Kelley remembers seeing Mitzi sitting in the second pew, wearing peach instead of black, which was a welcome respite for the eyes. He knew he’d seen her before, but he couldn’t place where.
“It was she who approached me at the reception,” Kelley says. “She came up to me and said, ‘I met you outside the brownstone. We talked about Nantucket. You like Cisco Beach. I’m Mitzi Kelleher.’ ”
“Wow,” George says. “Lucky you!”
“Turned out she was a childhood friend of Avery’s partner, Marcus. And when I saw her the first time, she had just come from their apartment. She had taken the train up from Philadelphia to lend Marcus moral support.”
“Unbelievable,” George says.
“She was only twenty-four, though,” Kelley says. “But by that point, standing in my brother’s funeral reception when my brother had been only thirty-six himself, I realized life is too short to worry about being thought a cliché. So I asked her out.”
“Good man,” George says.
Kelley takes a minute to reflect on just how profoundly meeting Mitzi had changed his life. She had saved him from his misery and his self-destructive ways. It had been nothing short of amazing.

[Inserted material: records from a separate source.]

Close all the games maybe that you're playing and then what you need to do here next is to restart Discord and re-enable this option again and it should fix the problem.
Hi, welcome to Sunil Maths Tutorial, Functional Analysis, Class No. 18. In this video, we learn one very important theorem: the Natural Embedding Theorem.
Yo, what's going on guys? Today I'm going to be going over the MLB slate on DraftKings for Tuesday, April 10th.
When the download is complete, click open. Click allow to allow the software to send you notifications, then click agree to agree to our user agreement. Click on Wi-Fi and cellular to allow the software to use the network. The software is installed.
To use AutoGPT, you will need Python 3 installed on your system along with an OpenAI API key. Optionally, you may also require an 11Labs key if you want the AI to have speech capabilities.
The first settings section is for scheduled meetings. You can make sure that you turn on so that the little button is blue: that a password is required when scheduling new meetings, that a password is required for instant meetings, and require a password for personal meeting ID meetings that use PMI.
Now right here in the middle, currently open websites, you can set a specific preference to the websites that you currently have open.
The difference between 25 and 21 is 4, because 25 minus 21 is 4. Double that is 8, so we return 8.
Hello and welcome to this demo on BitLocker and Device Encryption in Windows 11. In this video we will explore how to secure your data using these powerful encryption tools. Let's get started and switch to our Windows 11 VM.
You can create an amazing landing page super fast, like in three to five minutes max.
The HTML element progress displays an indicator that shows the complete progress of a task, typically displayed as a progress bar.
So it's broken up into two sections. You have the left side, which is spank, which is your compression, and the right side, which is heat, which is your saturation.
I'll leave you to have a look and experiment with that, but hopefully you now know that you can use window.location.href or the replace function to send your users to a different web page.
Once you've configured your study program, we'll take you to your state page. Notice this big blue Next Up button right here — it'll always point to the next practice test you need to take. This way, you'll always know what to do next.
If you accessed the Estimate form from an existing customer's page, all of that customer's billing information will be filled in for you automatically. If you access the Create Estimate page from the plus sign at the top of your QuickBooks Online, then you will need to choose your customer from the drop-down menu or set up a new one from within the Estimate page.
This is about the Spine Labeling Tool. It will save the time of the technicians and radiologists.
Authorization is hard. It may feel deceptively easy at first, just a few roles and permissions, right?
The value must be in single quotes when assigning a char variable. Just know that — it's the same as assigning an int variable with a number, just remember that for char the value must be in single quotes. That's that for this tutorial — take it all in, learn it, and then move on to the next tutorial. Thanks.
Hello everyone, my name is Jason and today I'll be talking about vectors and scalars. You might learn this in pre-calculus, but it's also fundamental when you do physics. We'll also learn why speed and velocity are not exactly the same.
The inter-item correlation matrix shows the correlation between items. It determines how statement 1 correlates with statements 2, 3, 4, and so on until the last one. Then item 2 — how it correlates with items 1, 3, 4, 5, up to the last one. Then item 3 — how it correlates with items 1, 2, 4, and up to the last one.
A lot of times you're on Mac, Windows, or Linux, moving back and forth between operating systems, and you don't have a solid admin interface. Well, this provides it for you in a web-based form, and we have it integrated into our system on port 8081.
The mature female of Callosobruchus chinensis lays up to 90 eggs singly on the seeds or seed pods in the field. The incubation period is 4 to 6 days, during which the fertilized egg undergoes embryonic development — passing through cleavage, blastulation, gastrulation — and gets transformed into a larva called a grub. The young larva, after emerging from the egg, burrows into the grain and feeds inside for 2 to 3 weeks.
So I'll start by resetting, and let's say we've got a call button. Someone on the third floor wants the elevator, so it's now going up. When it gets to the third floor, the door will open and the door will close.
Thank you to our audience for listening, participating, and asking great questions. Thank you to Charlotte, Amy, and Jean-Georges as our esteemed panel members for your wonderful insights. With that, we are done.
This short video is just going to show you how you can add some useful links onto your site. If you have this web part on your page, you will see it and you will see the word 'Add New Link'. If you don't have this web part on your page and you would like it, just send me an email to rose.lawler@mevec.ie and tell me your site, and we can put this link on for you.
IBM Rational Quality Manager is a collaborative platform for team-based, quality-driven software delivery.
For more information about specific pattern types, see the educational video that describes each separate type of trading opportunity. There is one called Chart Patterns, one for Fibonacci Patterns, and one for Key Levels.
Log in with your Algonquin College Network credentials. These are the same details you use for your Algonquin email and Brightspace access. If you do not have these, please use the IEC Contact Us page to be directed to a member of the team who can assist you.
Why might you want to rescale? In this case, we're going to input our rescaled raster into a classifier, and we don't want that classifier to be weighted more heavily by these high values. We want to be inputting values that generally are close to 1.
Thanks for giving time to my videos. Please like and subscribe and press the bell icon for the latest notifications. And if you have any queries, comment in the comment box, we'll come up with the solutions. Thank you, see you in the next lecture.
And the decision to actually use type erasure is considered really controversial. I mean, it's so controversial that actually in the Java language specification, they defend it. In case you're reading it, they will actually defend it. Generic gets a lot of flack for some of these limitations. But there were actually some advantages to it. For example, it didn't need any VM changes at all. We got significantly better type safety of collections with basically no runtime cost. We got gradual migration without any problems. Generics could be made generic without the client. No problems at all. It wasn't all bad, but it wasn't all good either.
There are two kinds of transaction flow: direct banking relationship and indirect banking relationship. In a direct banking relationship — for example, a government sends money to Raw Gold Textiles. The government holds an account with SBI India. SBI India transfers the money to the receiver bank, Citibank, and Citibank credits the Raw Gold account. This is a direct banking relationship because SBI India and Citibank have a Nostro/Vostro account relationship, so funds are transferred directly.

But over the years, of course, Kelley’s feelings of ecstasy settled and matured in correspondence with life’s circumstances. He and Mitzi got married and had a child. They bought the inn and started the business of running it. Meanwhile, in New York, Margaret grew more and more famous, and Kelley’s respect for her career increased. There she was, in 2000, standing in front of the Florida State House. There she was, interviewing Al Gore! But it was 9/11 that really changed things. Margaret was new to CBS, working as a “special correspondent,” which meant they were throwing her into every possible situation, night and day, and seeing how she fared. On that particular Tuesday, they were short staffed, and Margaret lived only a few blocks from the studio in Midtown and could be there in minutes. Kelley can still remember turning on the TV to see what was happening-because who, initially, understood?-and there, on his screen, was Margaret. She was at the epicenter of one of the most important news stories the world would ever know. The north tower tumbled to the ground behind her like something in a big-budget action movie, and Margaret turned around, incredulous; you could see it in her eyes. She started to weep. So many American lives have been lost, she said. Wow, she said. Oh my God, oh my God, oh my God. Kelley wanted to reach into his television set and hold her, comfort her. Margaret Quinn was strong, but she wasn’t invincible. Their city, the city where they had raised a family and made a mess of everything, was under attack. Kelley had confided these feelings to Mitzi later that night. I wanted to offer Margaret some comfort. I tried to call her but couldn’t get through. Mitzi had stiffened in his embrace. Maybe she had thought, He still loves her. Maybe she had thought, What about me? What about our son?